It is assumed that if you are reading this you have already figured out how to install and run the Infomap code. Instructions for doing this are given in the Infomap User Manual. This document is intended to give you a more thorough understanding of how the software is actually implemented; it should help you if you are planning to extend or modify the code, or if you are just curious about how it works.
The Infomap software has two fundamental functions: automatically learning a vector-space model of the words and documents in a corpus, and using the resulting model to perform search in which queries can be used to retrieve matching words or matching documents. We refer to the code that performs the former of these functions, the learning, as the preprocessing code or the preprocessing-side code. We refer to the code that performs the latter function, the search, as the search code or the search-side code. Communication between the preprocessing-side code and the search-side code happens via a model, which is the object learned by the preprocessing-side code. In the current implementation, each model consists of a collection of all the files in a single directory, the model directory or model data directory.

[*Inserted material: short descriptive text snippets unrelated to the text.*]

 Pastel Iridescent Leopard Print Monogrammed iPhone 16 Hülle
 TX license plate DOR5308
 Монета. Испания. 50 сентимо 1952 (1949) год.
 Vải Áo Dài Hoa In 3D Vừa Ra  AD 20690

The Infomap software distribution, once unpacked from its distributed form (as, e.g., a tar file), consists of a single top-level directory containing some files and some subdirectories. The preprocessing-side code is found in the preprocessing/ and svd/ directories; the search-side code is in the search/ directory.

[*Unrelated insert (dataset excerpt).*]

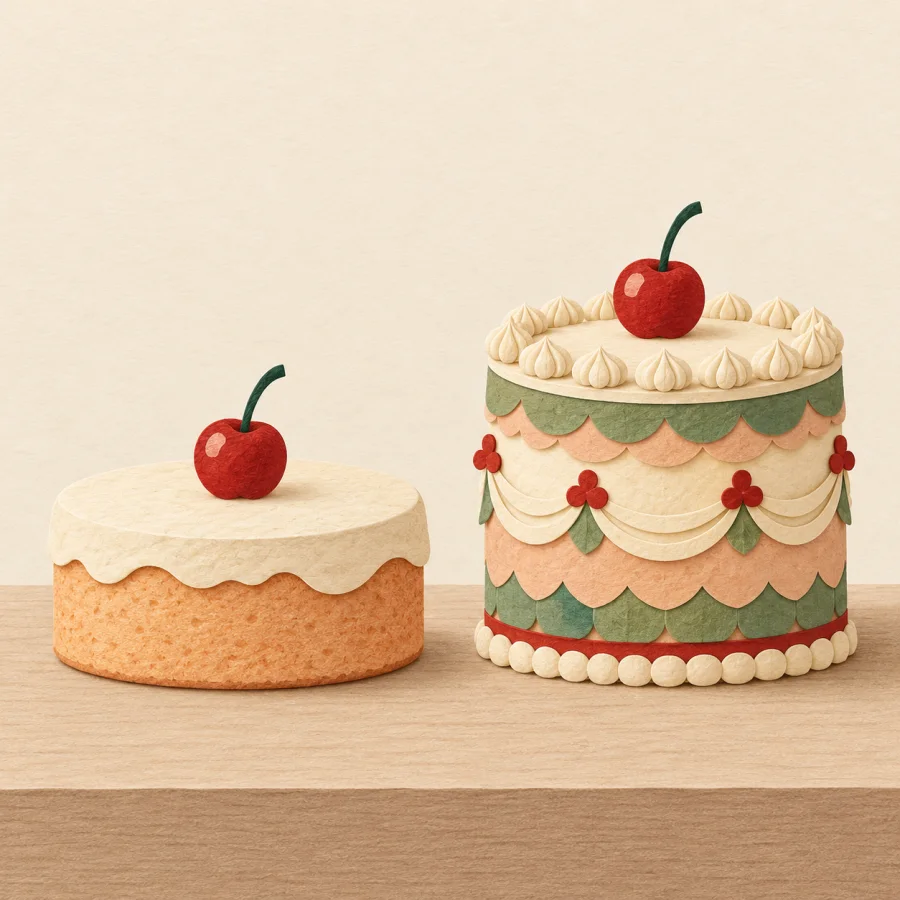 Two cakes side by side, a homemade one and a tall decorated one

Since a model is the means of communication between preprocessing-side and search-side code, the names of the files making up the model, the format of those files, and the semantics of each file, must be agreed upon by the preprocessing-side and search-side programs. If changes are made to the names or contents of the files making up a model, both the preprocessing-side and search-side code will need to be recompiled, possibly after being modified to account for the changes. Furthermore, models built before these changes may no longer be compatible with search-side code compiled after the changes.

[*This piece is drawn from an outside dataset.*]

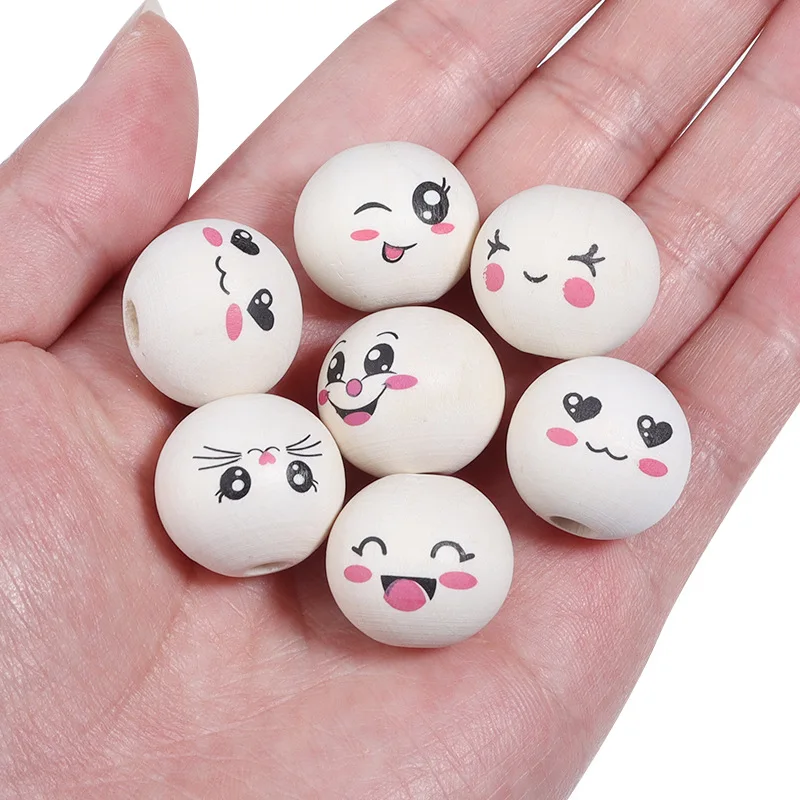 

100pcs/lot Beads Jewellery Making Wood Beads DIY Jewelry Beads for Bracelets Necklace Smiling Face Bead Supplies 1 Dollar Items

On the other hand, so long as the format of a model is not changed, compatibility between the search-side code and preprocessing-side code should be maintained. This means, for one thing, that multiple models can be built from different corpora (or from the same corpus, using different parameters) only by changing the appropriate variables in the top-level Makefile; these models can be learned and used for search without the need to do any recompilation. Also, the algorithm used for learning could be altered by making changes to the preprocessing-side code; so long as the new algorithm still produced a model in the same format, the search-side code would not need to be changed or recompiled. Likewise, new options or techniques could be added to the search-side code and the modified code could still be used to search existing models.
All Infomap code refers to the files making up a model using compiled-in constants that are #define'd in the file filenames.h in the top-level directory. This file is automatically generated by make from the file Makefile.filenames, also in the top-level directory.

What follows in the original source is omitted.